Юнги сдал свой меч главе стражи и пошёл следом за дамой через двор к дому, внутрь, сквозь массивные двери в коридор и к покоям, как оказалось, бывшим отцовским. Перед ним открылись бумажные раздвижные двери. Ещё две прислужницы королевы закрыли их за его спиной. Там же, в коридоре, остались и стражники.
В комнате отца, сидящую на постели, он и увидел королеву Мин Вонкён.
Летом закрытые ставни окон были совсем некстати. В спальне было душно и затхло. Но отчего-то Мин сразу понял, что безопасность заботила Её Величество более всего, потому окна и не открывали.
Пространство спальни освещало два фонаря, оставленных у постели и у входа.
Юнги прошёл к её футону, ступая почти неслышно.
Волосы королевы были собраны в длинную плотную и абсолютно чёрную, несмотря на возраст, косу, а сама она была в ночном — что неудивительно. Мин застал свою сестру прямо посреди сна в родовом поместье Минов в Кэгёне — том, где и ребёнком, и будучи взрослым возвращенцем, он прожил некоторое время.
Как она могла спать спокойно? Как тень сна продолжала держаться на её хмуром, но полном достоинства лице? Она, однако, выглядела бледной, а под её глазами залегли глубокие тени, но Юнги был уверен, что не совесть мучила её.
Мин стиснул челюсти, чтобы совладать с охватившим его гневом, и сделал шаг ближе к футону.

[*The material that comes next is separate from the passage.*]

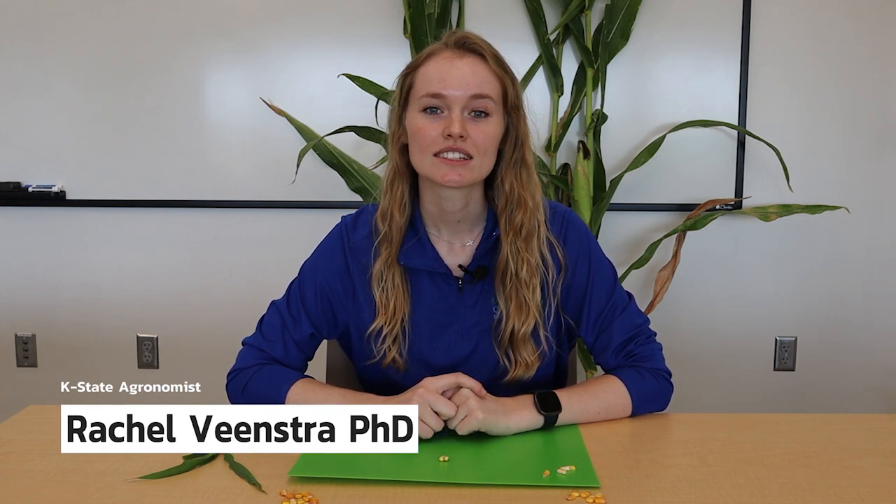Hi, my name is Rachel and I'm an agronomist at K-State. Today we're going to dissect a corn seed and talk about its different parts. When we're talking about corn seeds, each of them has three different parts that are really important.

Половицы скрипнули. Он поймал цепкий взгляд сощуренных глаз Её Величества и сцепился с ним своим.
— Это не я, — твёрдо сказала она, прерывая тишину, и вскинула подбородок.

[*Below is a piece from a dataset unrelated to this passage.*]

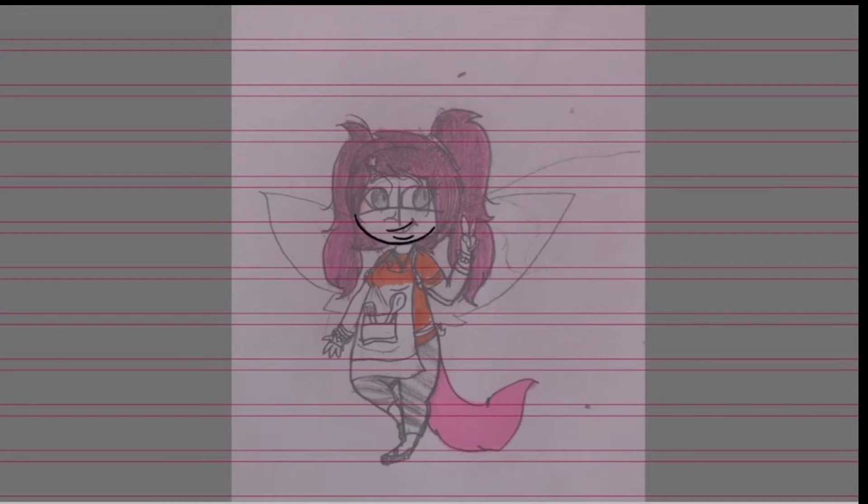Hey guys, it's Bellas here, and today I'm going to be showing you guys my new Hanazuki character reference sheet.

Тут же открестилась, опережая обвинения Юнги, ведь он и слова не успел сказать. Ну, в её защиту будет сказано — это очевидно, что ночной гость пришёл не о детстве вспоминать. Но Юнги сам не знал, зачем пришёл. Готов ли он был прирезать родную сестру? Внутри него всё смешалось. Мин хотел ответов, хотел возмездия и хотел прощения.

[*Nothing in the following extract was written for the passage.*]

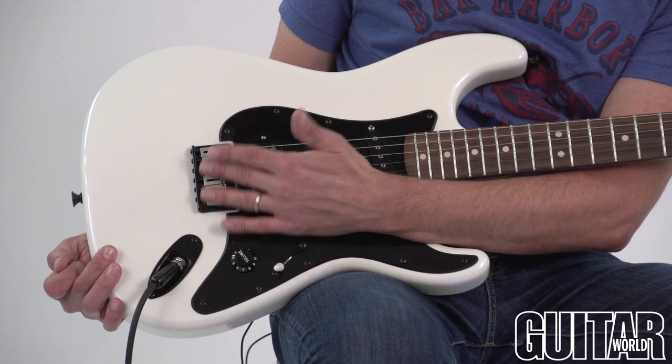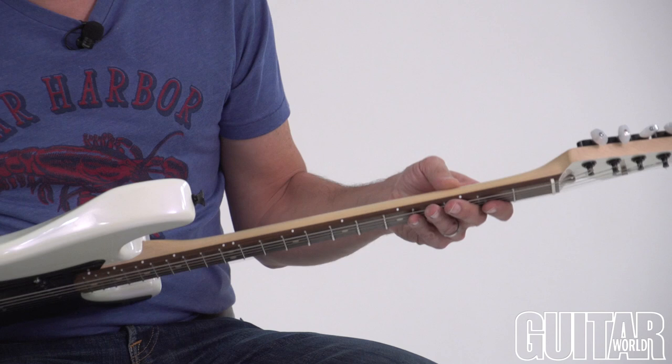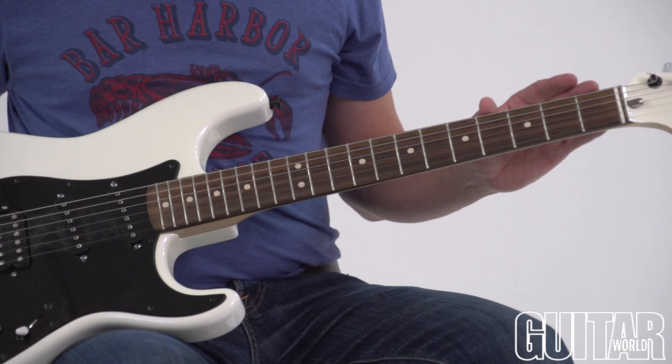A hardtail bridge as you can see here, so there's no tremolo. Ash body. Flipping it over, we have a maple neck. It's a real slim profile — this neck is just a real performance neck. It has a hand-rubbed oil finish on it, so it really has a great feel. Goto tuners. Rosewood fretboard. 12 medium jumbo frets and a bullet truss rod up on top.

— За отравление кронпринца в истории нашей страны король Инджо велел казнить преступника и три поколения его семьи. Это случится через двести лет. Плюс-минус, — заговорил он без приветствия.
— Значит, ты тоже должен будешь умереть? — криво усмехнулась она, сидя в позе лотоса на постели и уложив локоть на подушки, точно восседала на королевском троне: с ровной спиной, нисколько не смущаясь того, что под её верхним халатом были белые ночные одежды.
— Не сомневайтесь. Я сделаю это, как только будут выплачены все долги, — серьёзно глядя ей в глаза в полутьме, ответил Юнги.
— Только сделала это не я, Юнги-я, — не к месту ласково назвала она его. — И не Ким Сокджин, на которого ты объявил охоту.
Юнги нахмурился. Маленький ножик у груди грел, нет — металл, казалось, накалялся от температуры его сердца, горевшего ненавистью к родной сестре.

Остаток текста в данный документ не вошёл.